Después de nuestra estadía en Nueva York coincidimos en Buenos Aires, donde reanudamos la vida nocturna. Con varios amigos seguíamos sus actuaciones en diversos boliches, como Jamaica, La Noche y 676, y sus conciertos en universidades. Astor tenía grandes admiradores y numerosos detractores que negaban que su música fuese tango. Pero Astor decía que había sido admirador, y seguía siéndolo, de las orquestas de Julio de Caro, Osvaldo Fresedo, Elvino Vardaro, Osvaldo Pugliese y Aníbal Troilo. Como también manifestaba su admiración, entre otros músicos, por Horacio Salgán, Atilio Stampone y Leopoldo Federico. Pero no podía escribir ni sentir como ellos por no poder ni querer imitarlos. Y en cuanto a lo que se decía acerca de que empleaba ritmos y armonías modernas en sus tangos, sencillamente aclaraba que se trataba del "nuevo tango" y que no sería un error vaticinar que eso que hacía en ese momento, en un futuro no muy lejano, habría de ser calificado de antiguo.

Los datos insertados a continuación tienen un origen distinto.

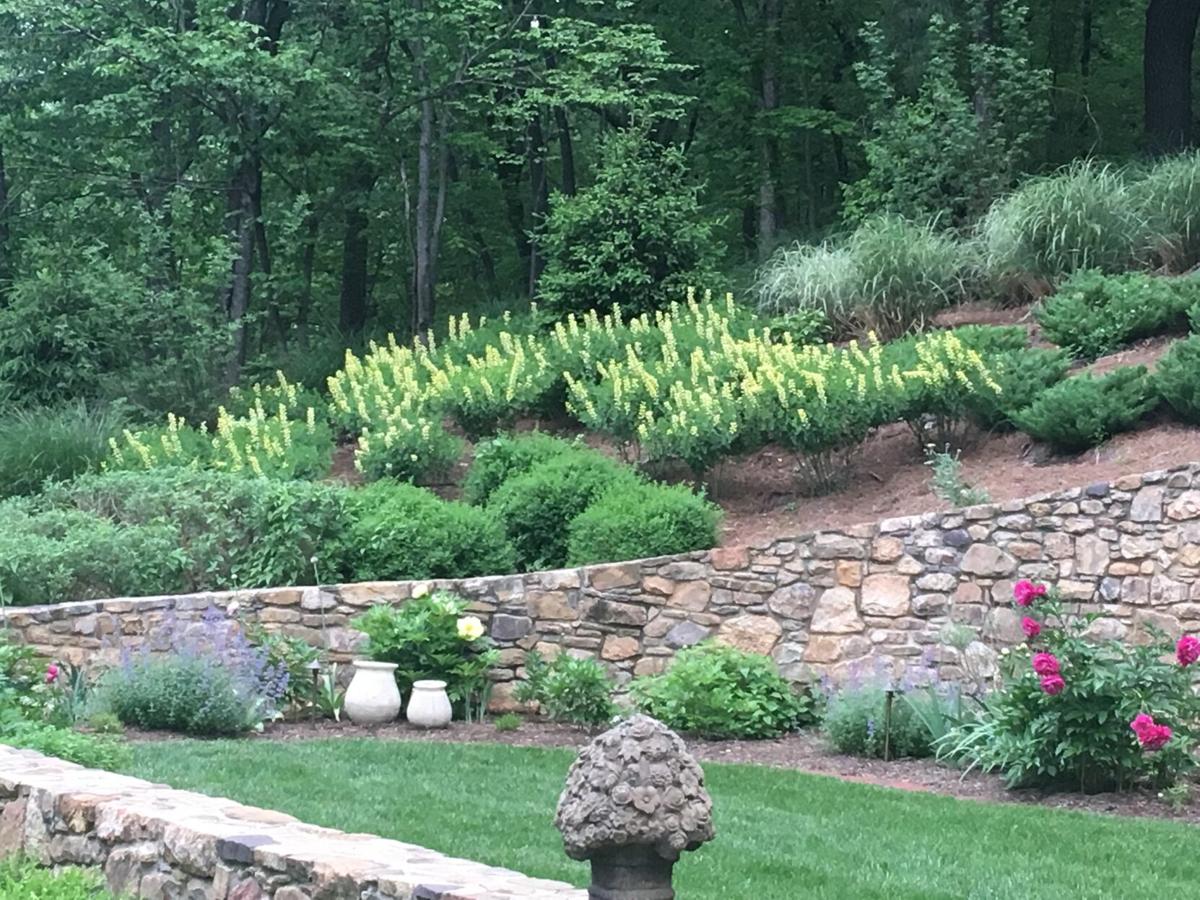 Roanoke Garden Tour resumes with an eye on the outdoors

Después, la vida y los trabajos nos llevaron por distintos países, pero seguimos escribiéndonos y encontrándonos en distintas ciudades, también en Nueva York e incluso dos veces en Estocolmo. La primera, siendo yo entonces embajador en Suecia, lo acompañé en un deslumbrante concierto con su quinteto, en el mejor teatro de la ciudad, colmado en su capacidad para 1200 espectadores, que dejó más de trescientos fuera de la sala. La grabación de ese concierto, con las palabras previas de Piazzolla en su fluido inglés, se sigue pasando todavía hoy, después de más de treinta años, en la Radio Sueca. La segunda vez, lo acompañé cuando participó con el mismo quinteto meses después, en verano, en un festival de jazz a orillas del Báltico.

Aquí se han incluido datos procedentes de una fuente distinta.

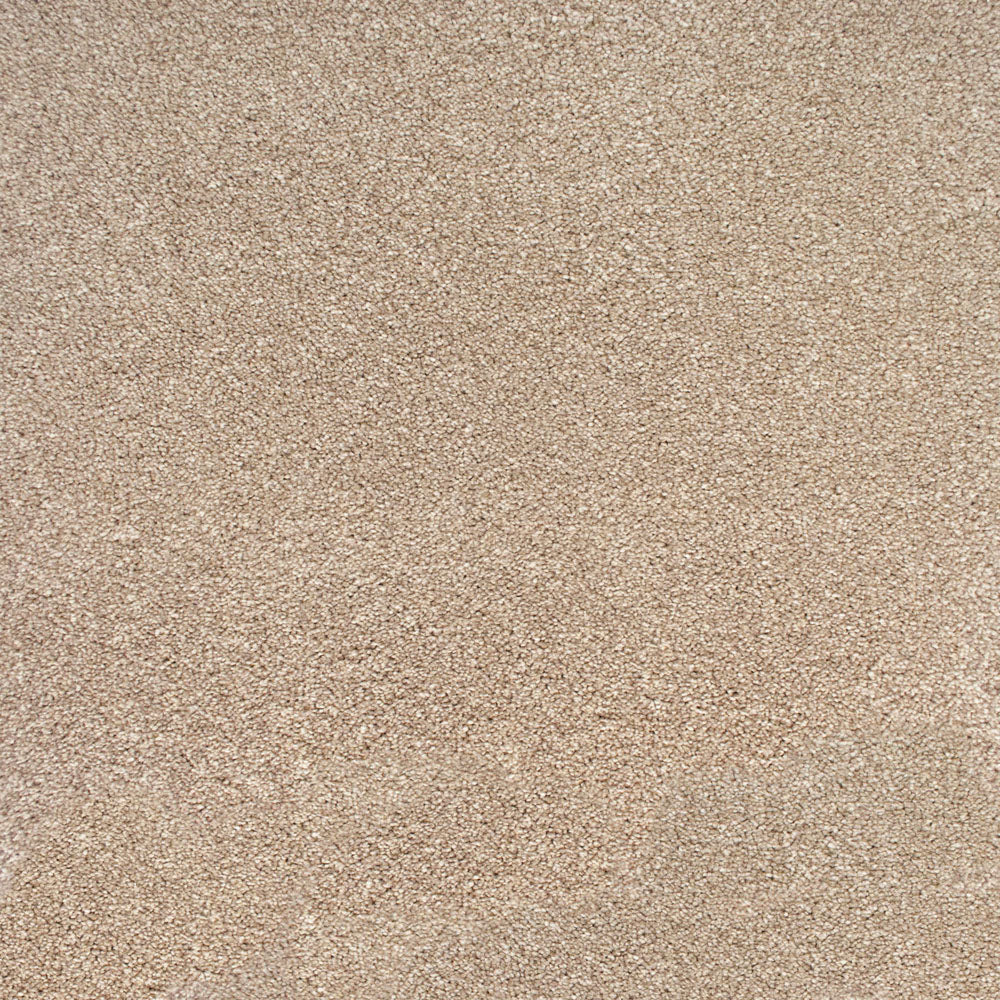 Luxury Saxony Carpet - Image 11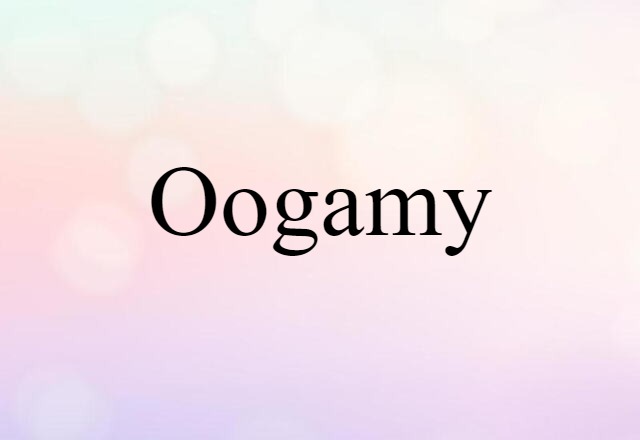 oogamy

En los comienzos de los años cincuenta, con mis jóvenes amigos ya considerábamos a Astor Piazzolla un equivalente de George Gershwin porque, como él, estaba creando una gran música a partir de las raíces populares de la ciudad. Y a pesar de no haber sido un "típico tanguero", o quizá justamente por eso, llevó el tango a terrenos insospechados, donde acaso ya no hacía falta sentir "el temblor de las baldosas de un bailongo", sino más bien la kepleriana música que produce la Tierra al desplazarse en el Universo.